Troubleshooting
When you troubleshoot STACKIT Edge Cloud it’s important to define the scope of what it is that you’re trying to troubleshoot. We’ll define three layers, just as we did in the authentication documentation, to introduce a coherent language:
- STACKIT Platform: this are components that are entirely managed by STACKIT. Handling issues and troubleshooting on this layer is the responsibility of STACKIT.
- STACKIT Product: this are components that form the STACKIT Edge Cloud product. While STACKIT provides the resources to customers to interact with the actions performed by the customer are the customers responsibility.
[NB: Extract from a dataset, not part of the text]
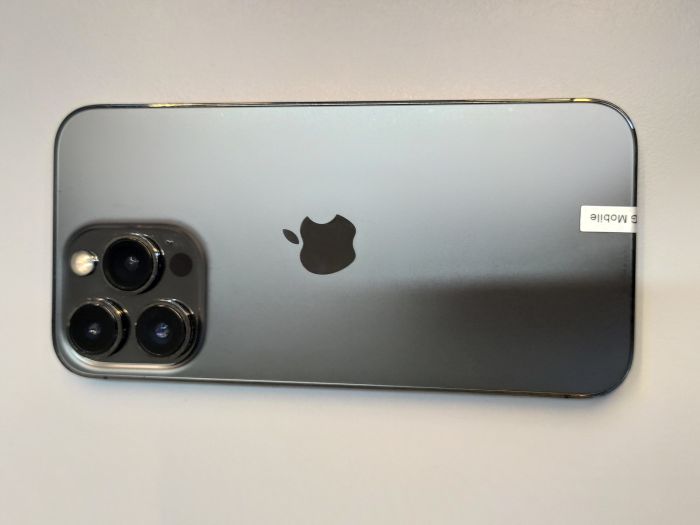 Apple iPhone 13 Pro — photo 2 of 10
If there is a misconfiguration it is the customers responsibility to identify and fix the issue. Troubleshooting can be performed from both ends, depending on the issue faced.
- Managed Systems: this are the components that are entirely managed by a customer. Troubleshooting normally is the customers responsibility with the exception of STACKIT provided and managed components such as the EdgeHostLet service when using STACKIT Edge Cloud.
Please refer to the shared responsibility model to learn more about the responsibilities of STACKIT and the customer when using STACKIT Edge Cloud.
Based on at which layer the issue exists there are certain things a customer can and should do to further narrow down the root cause of the issue. This page will guide you through some of the most common issues and provide initial troubleshooting help.
STEC troubleshooting
Section titled “STEC troubleshooting”As outlined throughout this guide you manage your STACKIT Edge Cloud product by working with a set of Kubernetes Custom Resources. Namingly:
- EdgeImage
- EdgeHost
- EdgeCluster
- EdgeMachine (ReadOnly)
If there is a issue with those resources standard Kubernetes troubleshooting steps apply. This means you should check the spec and status fields of the resources involved as well as the Kubernetes events, e.g. using kubectl events, to identify issues.
Talos troubleshooting
Section titled “Talos troubleshooting”Getting you talosconfig
Section titled “Getting you talosconfig”You authenticate with Talos using a Talosconfig file. Follow the next steps to get the file.
Prerequisites:
- Successfully authenticated in the UI of a STEC instance.
Steps:
-
Navigate to the Cluster section. You’ll get to the Clusters overview. Click on the name of the cluster you want to get the Talosconfig file for.

-
Click on the Talosconfig button to start the download of a valid Talosconfig file for the selected cluster.

Prerequisites:
- Successfully authenticated with a STEC instance.
- Tools: a generic Linux bash terminal, kubectl, yq.
Steps:
-
The talosconfig for every cluster lives in the STEC instance as a Kubernetes secret. You simply have to get the correct secret, decode and save it to a file.
Terminal window > export KUBECONFIG=~/.kubeconfig/your-stec.kubeconfig.yaml> CLUSTER_NAME="cluster-01"> kubectl get secrets/${CLUSTER_NAME}-talosconfig --namespace default -o yaml | yq '.data.talosconfig' | base64 --decode > ${CLUSTER_NAME}.talosconfig.yaml
Using talosctl
Section titled “Using talosctl”You may use any gRPC compatible client to interact with Talos. For this example we’ll use talosctl.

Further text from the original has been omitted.